A Major Deal in a Rapidly Growing Market:

If finalized, the deal would represent one of the largest acquisitions in the stablecoin industry, surpassing Stripe’s $1.1 billion purchase of Bridge, a stablecoin technology firm, last year. Reports also indicated that both Mastercard and Coinbase had engaged in talks earlier this year to acquire BVNK for approximately $2 billion, signaling a broader race among payment giants to secure key positions in digital asset infrastructure.

Record Growth in the Stablecoin Sector:

The stablecoin market has witnessed remarkable expansion in 2025, with total market capitalization increasing by over $100 billion since the start of the year, reaching $312 billion, according to data from CoinGlass.
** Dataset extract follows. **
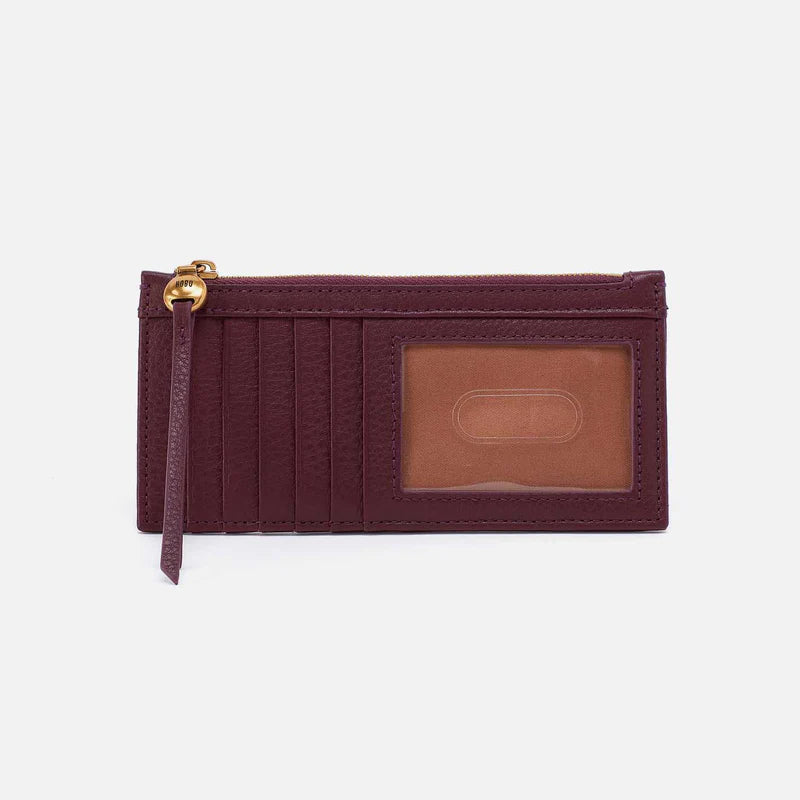 HOBO Carte Card Case Mulberry Glaze Pebbled Leather
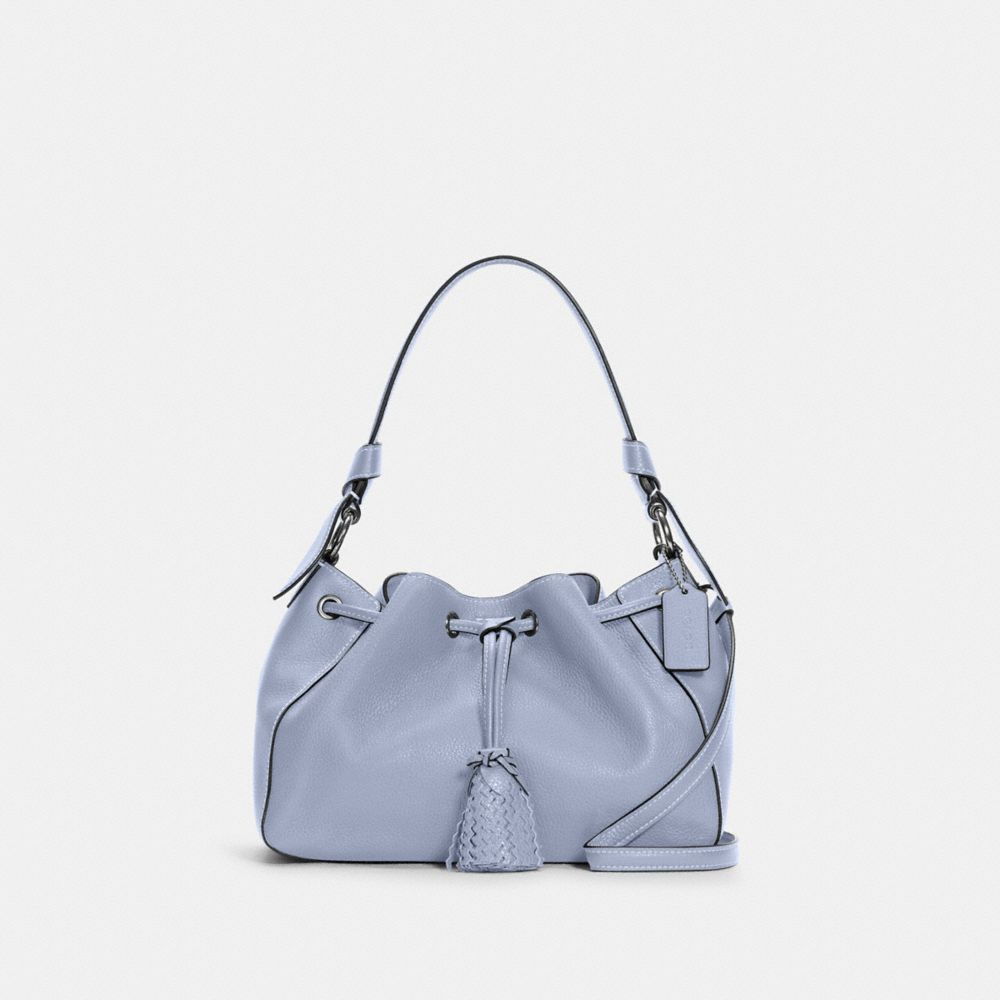 COACH C5671 - Everly Drawstring Shoulder Bag SILVER/TWILIGHT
Analysts expect the momentum to continue, with Standard Chartered forecasting the market to exceed $750 billion by the end of 2026.
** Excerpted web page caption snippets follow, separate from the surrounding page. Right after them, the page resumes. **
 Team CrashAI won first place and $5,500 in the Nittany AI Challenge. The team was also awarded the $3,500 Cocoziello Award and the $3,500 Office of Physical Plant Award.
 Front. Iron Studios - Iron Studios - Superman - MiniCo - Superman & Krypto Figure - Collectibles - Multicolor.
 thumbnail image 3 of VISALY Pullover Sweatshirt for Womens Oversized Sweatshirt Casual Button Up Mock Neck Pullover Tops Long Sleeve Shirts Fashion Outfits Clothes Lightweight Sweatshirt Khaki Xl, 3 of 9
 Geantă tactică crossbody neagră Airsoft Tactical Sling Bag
Meanwhile, data from prediction platform Myriad revealed that more than 50% of participants expect the market cap to rise above $360 billion before February 2026, reflecting growing investor confidence in the sector’s near-term prospects.

Supportive Regulatory Environment and Institutional Adoption:

This rapid growth has been supported by a more favorable regulatory climate, particularly following the enactment of the GENIUS Act in the United States, which established a legal framework for issuing and trading stablecoins. Traditional financial institutions and major retailers have also shown increasing interest in stablecoins, recognizing their potential to streamline transactions and reduce operational costs.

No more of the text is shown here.